1. Introduction

GRM-OCR is a 300M-parameter OCR model built for document and image text extraction, optimized for efficiency and deployability without sacrificing recognition quality. It is designed to deliver strong OCR performance at a compact scale, making it practical for local inference, edge deployment, and high-throughput serving pipelines.

Built on top of tiiuae/Falcon-OCR, GRM-OCR inherits the early-fusion single-stack Transformer architecture and extends it with improved training signals, broader document coverage, and refinements targeted at real-world document diversity.

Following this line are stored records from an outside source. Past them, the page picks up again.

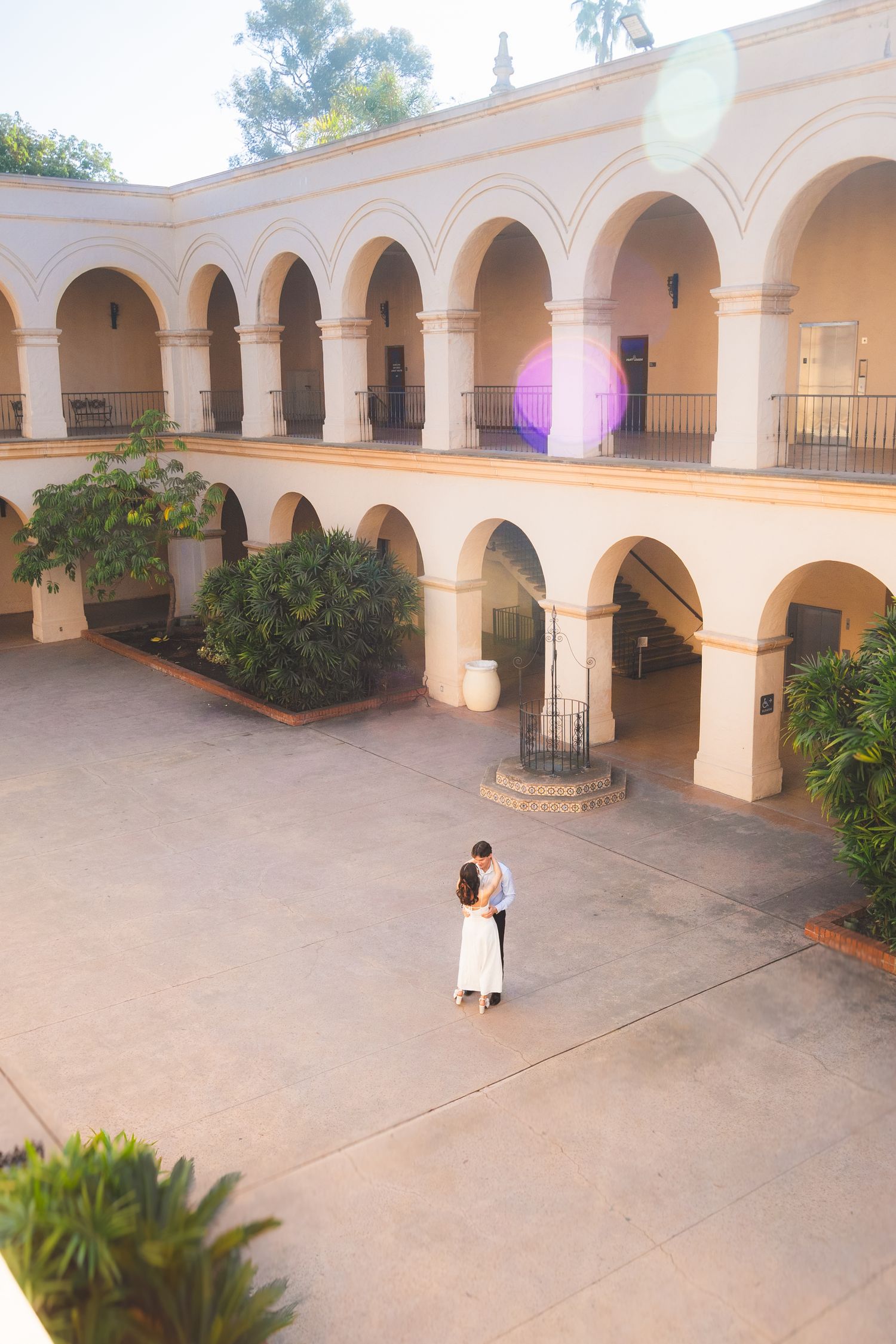 A couple shares a romantic moment in a Spanish colonial courtyard with beautiful arched architecture.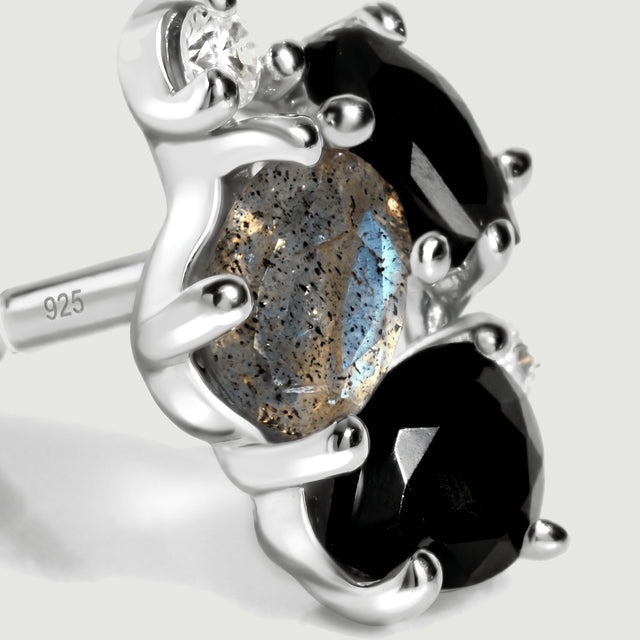 The side of a silver stud displays its open setting, blue stone reflections and a post bearing a 925 mark.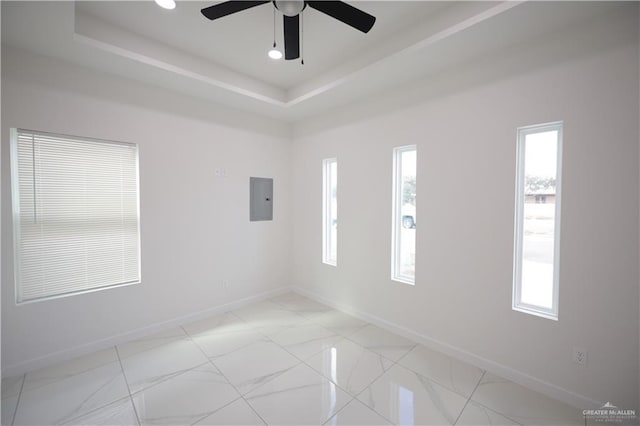 spare room featuring electric panel, baseboards, and a raised ceiling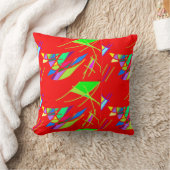 Coussin rouge avec motifs bleu vert (Couverture)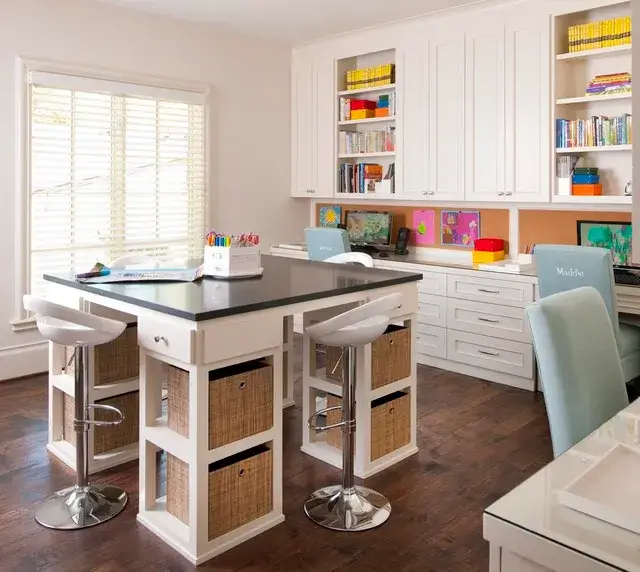 A well-organized home office with a central island, white cabinetry, and wicker basket storage.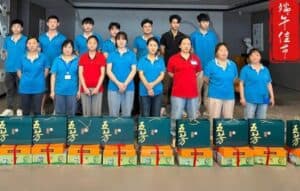 Team of event staff wearing blue and red shirts, standing behind gift boxes during corporate event.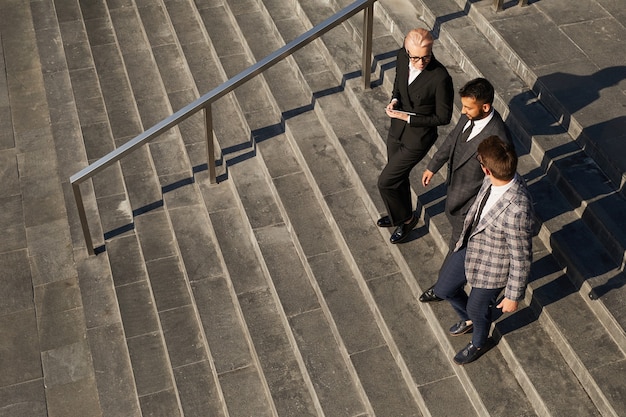 High angle view of business team moving down the stairs together in the city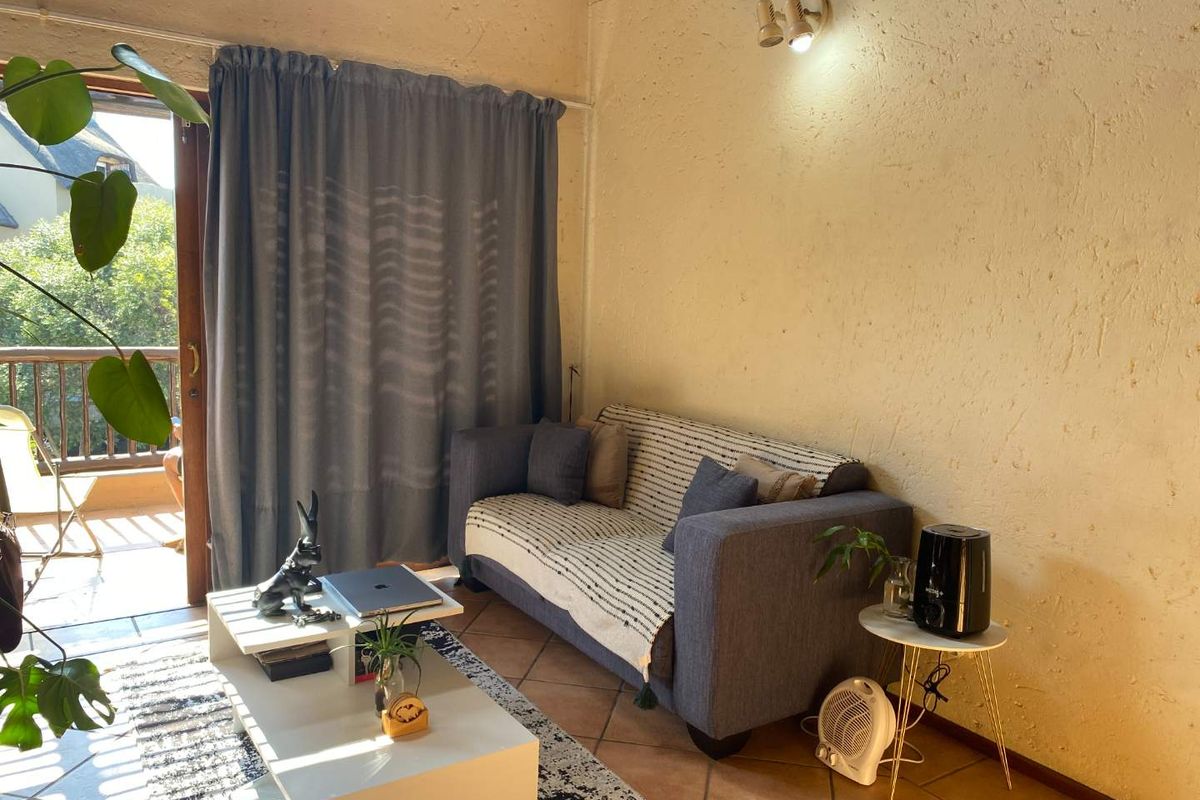 A living room featuring tiled flooring and direct access to a balcony through a sliding glass door, providing natural light and outdoor connectivity.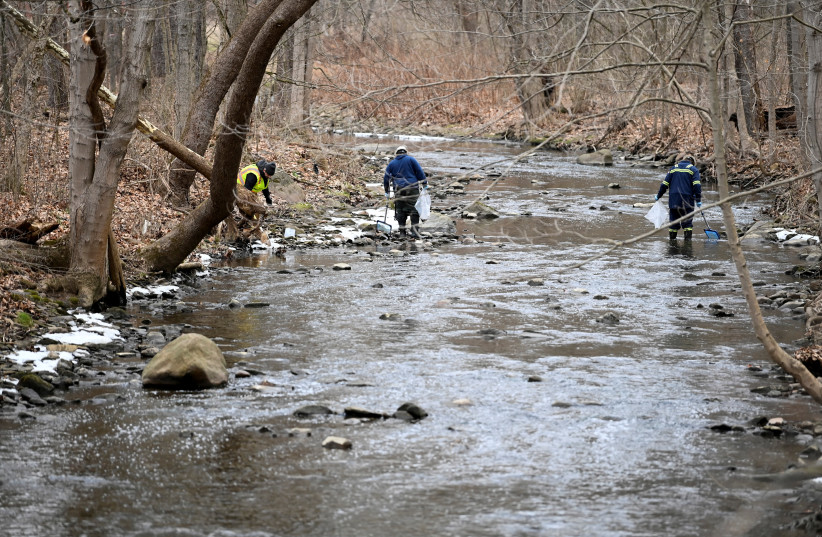 An environmental company is removing dead fish downstream from the site of the train derailment that forced people to be evacuated from their homes in East Palestine, Ohio, U.S., February 6, 2023 (photo credit: ALAN FREED/REUTERS)
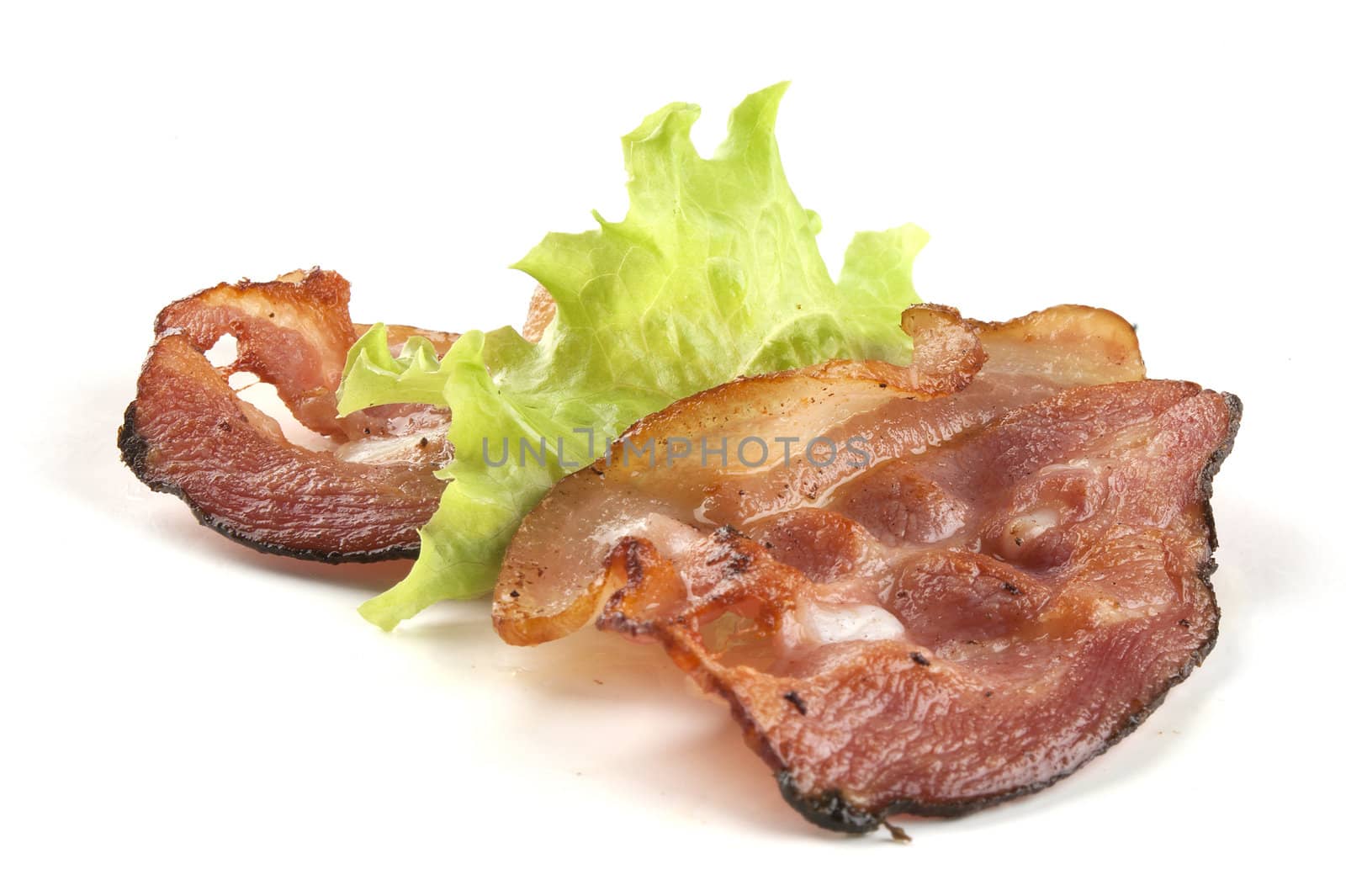 Two pieces of bacon with fresh lettuce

GRM-OCR is ideal for users who need reliable, fast, and resource-efficient OCR across a wide range of document types — from scanned pages and academic papers to invoices, receipts, handwritten notes, and complex multi-column layouts.

2. Key Capabilities

Compact and Efficient: At just 300M parameters, GRM-OCR is roughly 3× smaller than comparable OCR VLMs, translating directly into faster inference and lower memory requirements.
Layout-Aware Pipeline: Optional two-stage layout detection + per-region OCR for dense, multi-column, and heterogeneous documents.
Early-Fusion Architecture: A single Transformer backbone processes text and images in a shared parameter space, avoiding the complexity of separate encoder-decoder pipelines.
Broad Document Coverage: Handles handwriting, real-world photos, academic papers, tables, formulas, headers, captions, and more.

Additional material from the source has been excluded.